Estamos, como lo saben todos los niños, en las vísperas de la fiesta de Navidad, la más tierna fecha del calendario cristiano. Belenes, villancicos, árboles decorados, juguetes, recogimiento familiar, luces multicolores, tiendas bulliciosas y muchos “Santas”, nos traen el mensaje: hace dos mil diecisiete años vino al mundo Nuestro Salvador, que con sus enseñanzas y su sacrificio hizo que el hombre cobrara conciencia de ser persona, que reconociera el milagro de la existencia y se ocupara de su alma con tanto afán como lo hace de su cuerpo.
Ciertamente, para millones y millones de personas, la Navidad es un lindo espectáculo que solo toca sus vidas con el buen ejemplo y la alegría que contagia. Así ocurrió en todos los siglos que median entre esa noche milagrosa y nosotros.
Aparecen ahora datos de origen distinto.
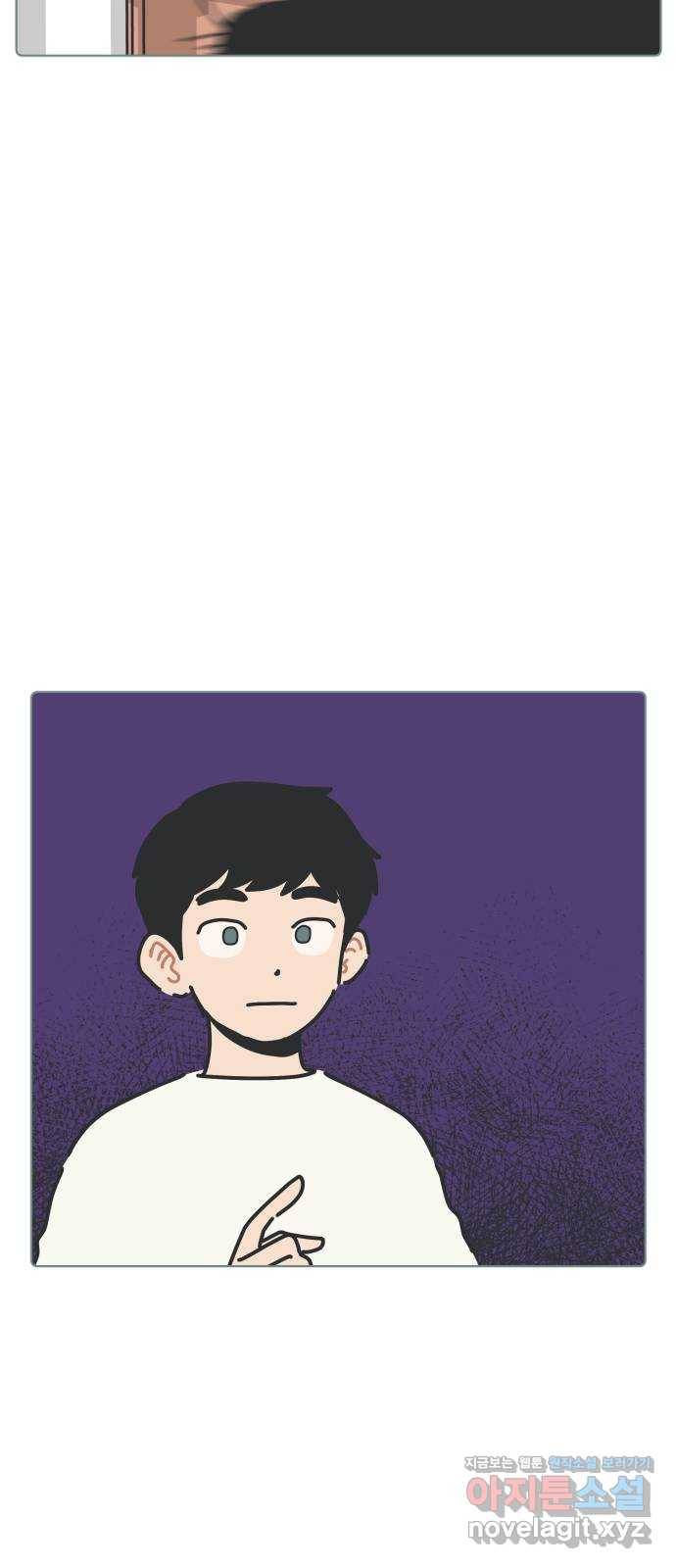 미니어처 생활백서 24화 12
Lo podemos ver en las representaciones de los pintores góticos de hace siglos, en la tradición popular, en múltiples relatos. La Navidad fue ilusión en las aldeas del Medioevo, que una vez al año se iluminaban con los festejos religiosos y las ceremonias que tenían lugar en la iglesia parroquial.
Queremos decir que nos consta, desde hace tiempo, que Santa Claus existe, pues conocimos su templo a orillas del mar, en Bari, el talón de la bota de Italia. Es hermosa la ciudad de Bari y espectacular la gran catedral sobre rocas que en parte se sumergen en el agua.
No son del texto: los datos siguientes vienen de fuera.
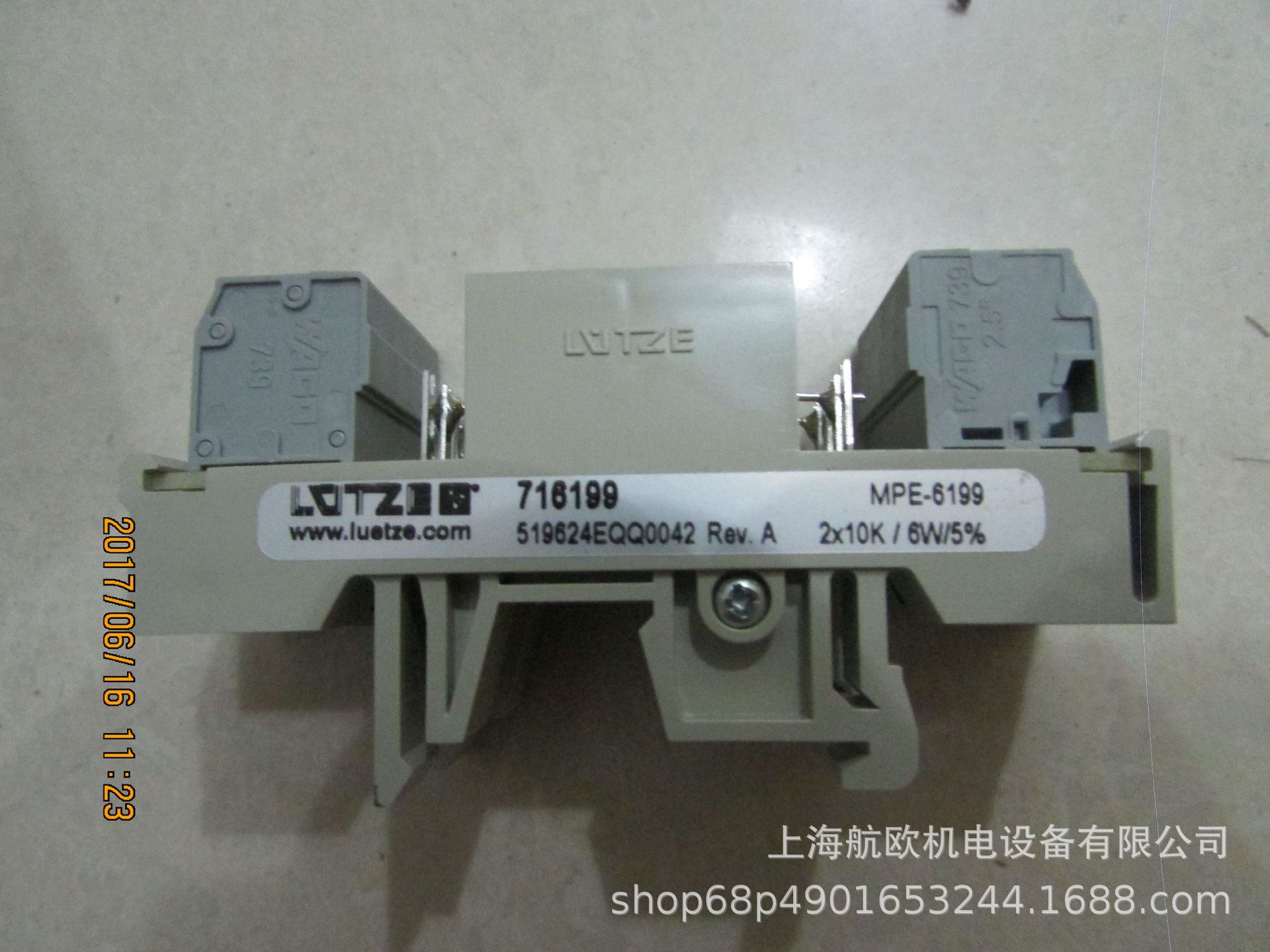 LUTZE模块MPE-6199，DRA 240-24A，716401，RPE-6364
El santo venía del Asia Menor y anduvo errabundo por media Europa antes de desaparecer de la historia. Cuando éramos niños, como le sucede a una infinidad de niños, otra criatura mucho más avezada y con la seguridad del que descubre verdades, nos dijo que lo de Santa Claus era mentira. Y cometimos el error de creérselo.
Más tarde fuimos encontrando sus huellas, no solo en Bari, sino en los testimonies de diez mil pintores y diez mil cuentistas, en tantos sitios donde se venera al Niño Dios, a la Virgen y a San José. ¿Cómo es que todos pudieron imaginar personajes y leyendas y ternuras caídas del cielo, o acaso inventadas por unos pastores de Galilea? ¿Será posible que las lindas criaturas que esperan la medianoche pero caen rendidas por el sueño nos estén engañando de que sí existe un Santa Claus y que este Santa Claus nos trae los dones y las bondades de Jesús?
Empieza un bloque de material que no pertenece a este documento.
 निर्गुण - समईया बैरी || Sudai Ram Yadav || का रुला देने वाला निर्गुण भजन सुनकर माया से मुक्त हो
Los niños, nos los recuerda un viejo proverbio, siempre dicen la verdad. Decirla es lo que redime a los locos y ennoblece a los adultos. Por eso debemos creerles cuando son tantos los infantes que afirman haber visto a Santa pasar por el cielo, en su trineo tirado por los renos de las narices rojas (“red-nosed reindeers”).
Pidamos a Santa cosas buenas para el alma
¿Qué va a traernos Santa para esta Navidad? Hay que pedirle que seamos felices, que nos dé fuerza para sobrellevar las adversidades, que no nos haga caer en las tentaciones del demonio, que perdonemos a los que nos ofenden y que nos mantenga unidos a nuestras familias y a nuestros amigos.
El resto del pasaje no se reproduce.